Databank Criminalistiek

Het DNA-profiel heeft een unieke code in de databank Criminalistiek bij het NICC en die code is ook terug te vinden in een andere databank bij het openbaar ministerie waar het gelinkt wordt aan een naam en een geboortedatum. ‘Het openbaar ministerie beschikt niet over het DNA-profiel en de databank van het NICC beschikt niet over de identiteit van de personen in kwestie’, zegt de jurist van het parket. Zo zouden de gegevens anoniem moeten blijven.

Bij het NICC klinkt het als volgt: ‘DNA-profielen van verdachten worden pas verwijderd als wij een bevel krijgen van het openbaar ministerie, anders blijven ze dertig jaar staan – tenzij ze veroordeeld worden, want dan gaan ze naar de Veroordeeldendatabank.’ Ook al gaat het om DNA-profiel van iemand die vrijgesproken is of buiten vervolging is gesteld? ‘Dat klopt’, bevestigt de wetenschapper. Bij het NICC krijgen ze een bericht tot verwijdering naar eigen zeggen ‘niet vaak’.

‘In strijd met de Europese Verklaring voor de Rechten van de Mens’

Matthias Dobbelaere-Welvaert, specialist privacy bij deJuristen, is formeel: ‘Enkel het DNA-profiel van veroordeelden mag na de uitspraak bijgehouden worden, al het andere geïdentificeerde DNA dat wordt bijgehouden is in strijd met de Europese Verklaring voor de Rechten van de Mens.’

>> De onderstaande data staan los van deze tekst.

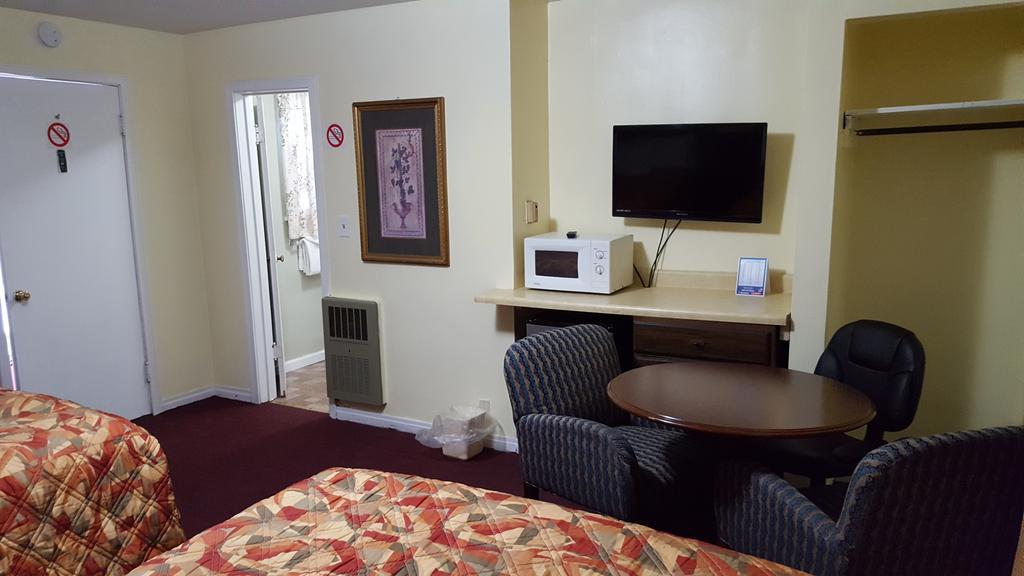 Colonial West Motel Batavia Dış mekan fotoğraf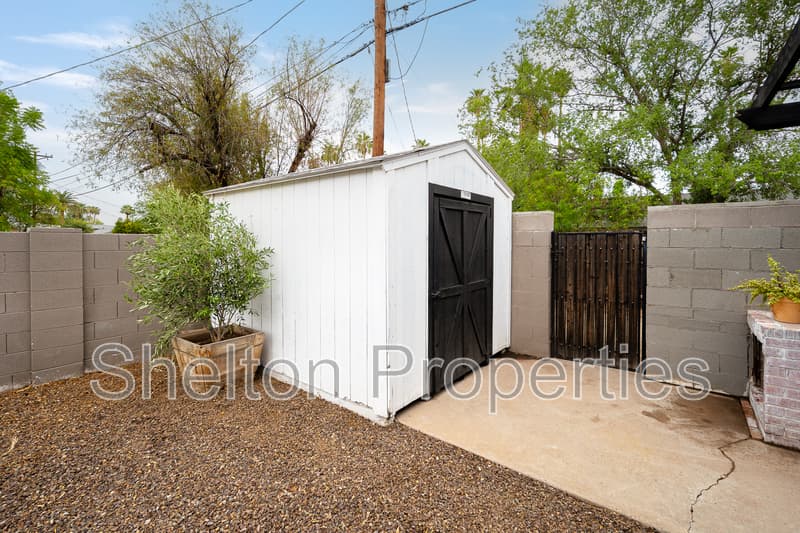 Phoenix House: 1731 W Highland Ave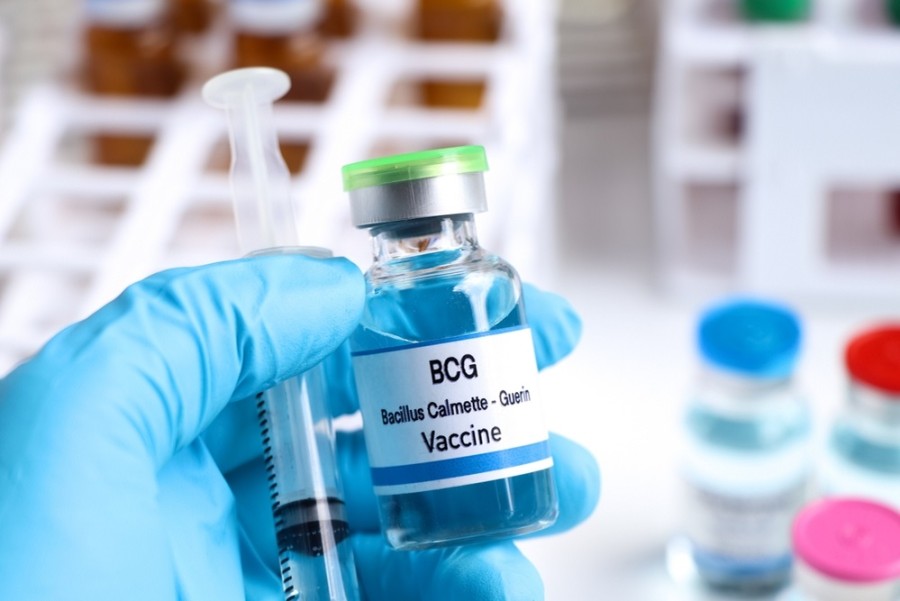 Manfaat Imunisasi BCG, Jadwal, dan Efek Sampingnya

Bij het parket leggen ze de verantwoordelijkheid bij de ex-verdachte: ‘Men moet een kat een kat noemen, bij een DNA-afname van een verdachte wordt die verdachte – die meestal bijstand geniet van een advocaat – op de hoogte gesteld van de implicaties van zo’n afname. Die kan, op elk moment na de uitspraak, vragen aan de procureur om zijn profiel te verwijderen, maar dat wordt niet altijd gevraagd.’

Dobbelaere-Welvaert vraagt zich af of dat wel klopt: ‘Is de betrokkene altijd even goed op de hoogte? Zeker als je weet dat er zelden een bevel van het parket komt.’ Hij benadrukt: ‘Geïdentificeerde DNA-profielen van niet-veroordeelden moet na de uitspraak verwijderd worden.’

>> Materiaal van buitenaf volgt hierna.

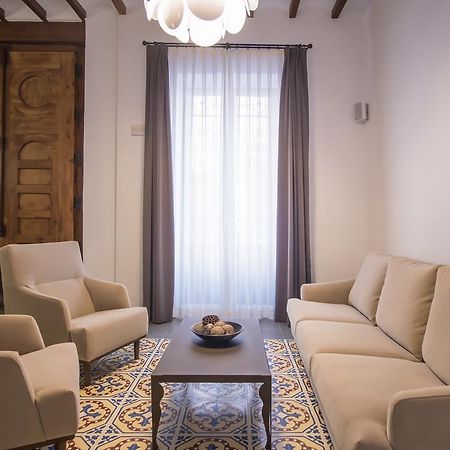 Casa Rabat (Adults Only) Hotel Huertas Bagian luar foto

Dobbelaere-Welvaert onderzocht met zijn juristenbureau de Europese rechtspraak over het bijhouden van DNA-profielen. ‘Vooral effectieve middelen om de verwijdering te bekomen lijken belangrijk te zijn, anders wordt 30 jaar gewoon de standaardtermijn.’ Bovendien speelt proportionaliteit een belangrijke rol: ‘Er wordt in België geen onderscheid gemaakt naargelang de aard van de inbreuk, een DNA-profiel blijft zowel bij een diefstal als bij een verkrachting 30 jaar staan.’ Tot slot stelt Dobbelaere-Welvaert zich ook vragen bij de termijn van 30 jaar: ‘Dat is toch al snel een derde van een mensenleven, dat lijkt mij persoonlijk heel lang.’

De namen van alle geïnterviewden in dit artikel zijn bekend bij de redactie.